17. On balance, I am satisfied that the discretion contained in sub-s 42(1B) is most properly exercised by this Tribunal not requiring either party to make out sufficient weight of evidence to reach a formal balance of probabilities, but rather to apply the Tribunal's normal processes of assessing the weight of evidence absent any formal onus requirements. That the discretion may be exercised in this way, it seems to me, arises from the fact that decisions made under s 40 are reviewable by tribunals of fact, which vary in the degree of formality applied to their processes, ranging from the ISC's internal reconsideration to the Administrative Appeals Tribunal and ultimately, albeit in rare circumstances, to the Federal Court or High Court under either the provisions of the Judicial Review (Administrative Decisions) Act 1977 (Cth) (para 10(1)(a)) or the Judiciary Act 1901. At these different levels of review the discretion as to choice of onus of proof to be applied would no doubt be exercised subject to different considerations, and may result in a different onus being applied.

18. The contravention relied upon by the ISC is of the in-house assets provisions found in Part 8 of the Act (T document 3). S 84 provides that:

84(1) The trustee of a regulated superannuation fund must take all reasonable steps to ensure that the provisions of Divisions 2 and 3 are complied with.
(2) Subsection (1) is a civil penalty provision as defined by section 193, and Part 21 therefore provides for civil and criminal consequences of contravening, or of being involved in a contravention of, that subsection.

19. S 76 is contained within Division 2 and provides as follows:

Private sector funds established on or after 12 March 1985 - historical cost ratio for the 1994-95 year of income
76. (1) This section applies to a regulated superannuation fund, if the fund is a private sector fund established on or after 12 March 1985.
(2) At all times during the fund's 1994-95 year of income when the fund was in existence, the historical cost ratio of the funds in-house assets must not exceed 10%.

20. For the purpose of Part 8 the historical cost ratio of a fund's in-house assets is the percentage worked out pursuant to the formula in s 74:

[Number of whole dollars in cost of in-house assets of the fund / Number of whole dollars in value of all the assets of the fund] * 100

21. "In-house asset of a superannuation fund" is defined in s 71 thus:

71. (1) For the purposes of this Part, an in-house asset of a superannuation fund is an asset of the fund that is a loan to, or an investment in, a standard employer-sponsor, or an associate of a standard employer-sponsor, of the fund, but does not include: ...

22. The types of investments which are excluded by sub-s 71(1) include life policies issued by life insurance companies, deposits with approved banks and non-approved financial institutions, investments in pooled superannuation trusts where the trustees of the respective trusts are at arms length, assets of public sector funds which are State or Commonwealth issued investment securities, and other assets that the ISC may determine are not in-house assets of the fund. In this case the relevant asset is in the form of shares, and is not excluded by any of the paragraphs following sub-s (1).

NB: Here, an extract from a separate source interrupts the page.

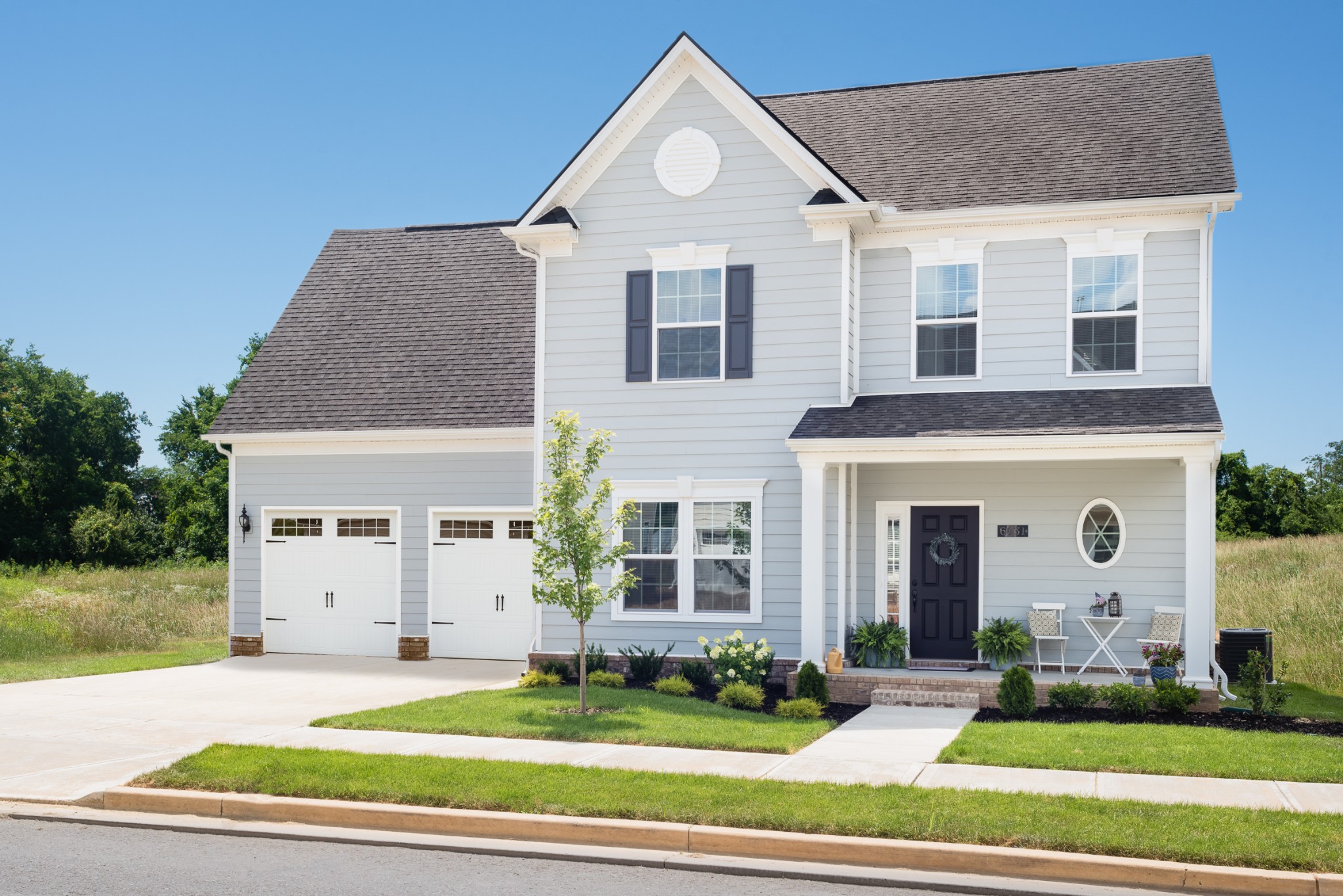 1030 Oglethorpe Drive Franklin, TN 37064 - Photo 17 of 17 a front view of a house with a yard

23. A standard employer-sponsor is defined in s 16 as follows:

16. (1) An employer-sponsor of a regulated superannuation fund is an employer who:

(a)
contributes to the fund; or
(b)
would, apart from a temporary cessation of contributions, contribute to a fund;

for the benefit of:

(c)
a member of the fund who is an employee of:

(i)
the employer; or
(ii)
an associate of the employer; or

(d)
the dependants of such a member in the event of the death of the member.

Standard employer-sponsor
(2) If an employer so contributes, or would contribute, wholly or partly to an arrangement between the employer and the trustee of the regulated superannuation fund concerned, the employer is a standard employer-sponsor of the fund (as well as being an employer-sponsor of the fund). If the employer only so contributes, or would contribute, pursuant to arrangements between the employer and a member or members of the fund, the employer is not a standard employer-sponsor.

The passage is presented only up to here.